Top of Material supplied
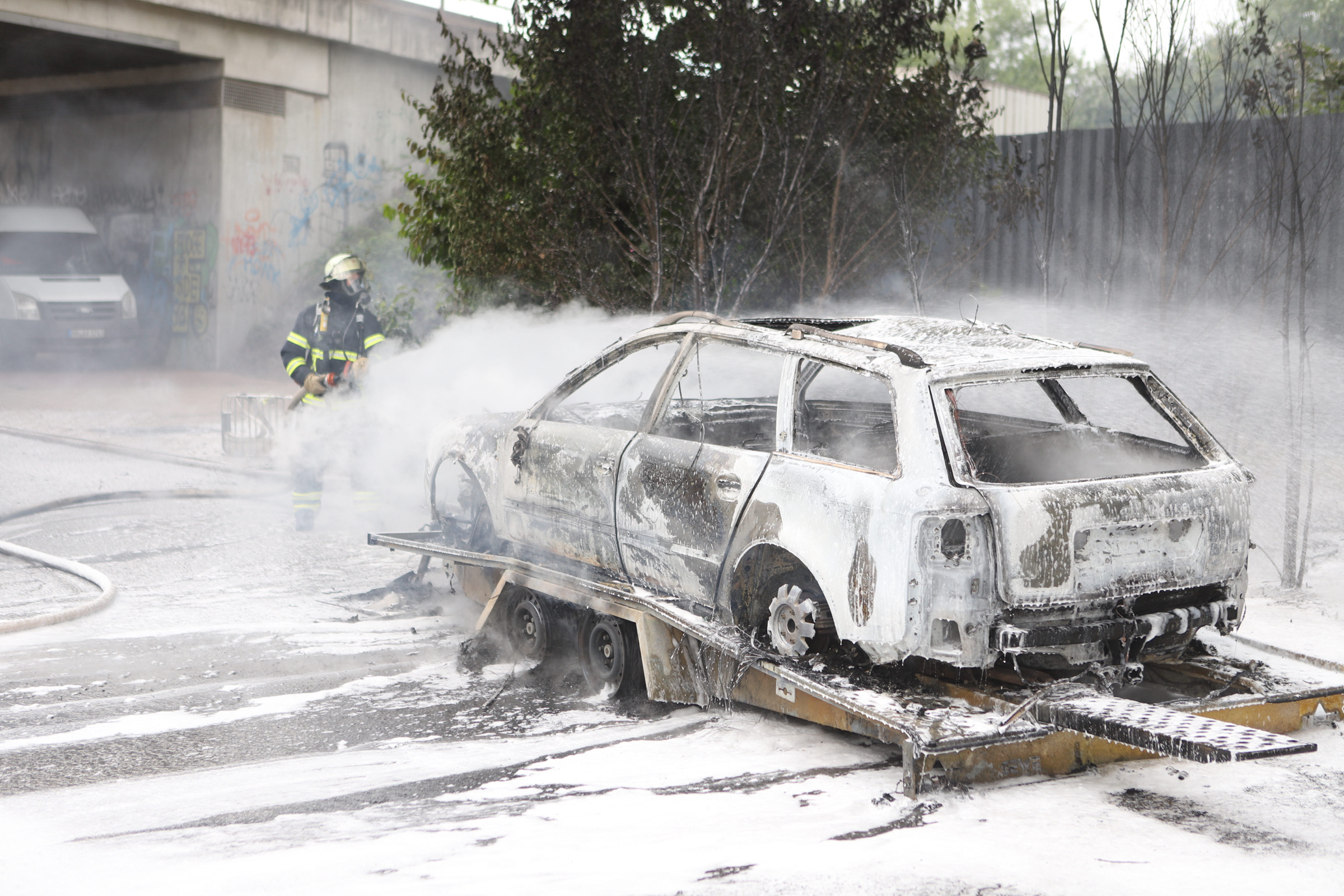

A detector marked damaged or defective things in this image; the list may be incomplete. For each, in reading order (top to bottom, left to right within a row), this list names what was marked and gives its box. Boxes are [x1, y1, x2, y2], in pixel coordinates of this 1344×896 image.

burnt car door handle [715, 473, 747, 502]
charred car body [422, 311, 1247, 682]
burnt car [427, 315, 1247, 679]
burnt tire [505, 591, 551, 664]
burnt tire [575, 618, 642, 698]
Bottom of Material supplied
== What you are asked to do ==
Without any pictures, print the whole listing again exactly as it stands.

== Task solution ==
A detector marked damaged or defective things in this image; the list may be incomplete. For each, in reading order (top to bottom, left to right within a row), this list names what was marked and gives its box. Boxes are [x1, y1, x2, y2], in pixel coordinates of this 1344×896 image.

burnt car door handle [715, 473, 747, 502]
charred car body [422, 311, 1247, 682]
burnt car [427, 315, 1247, 679]
burnt tire [505, 591, 551, 664]
burnt tire [575, 618, 642, 698]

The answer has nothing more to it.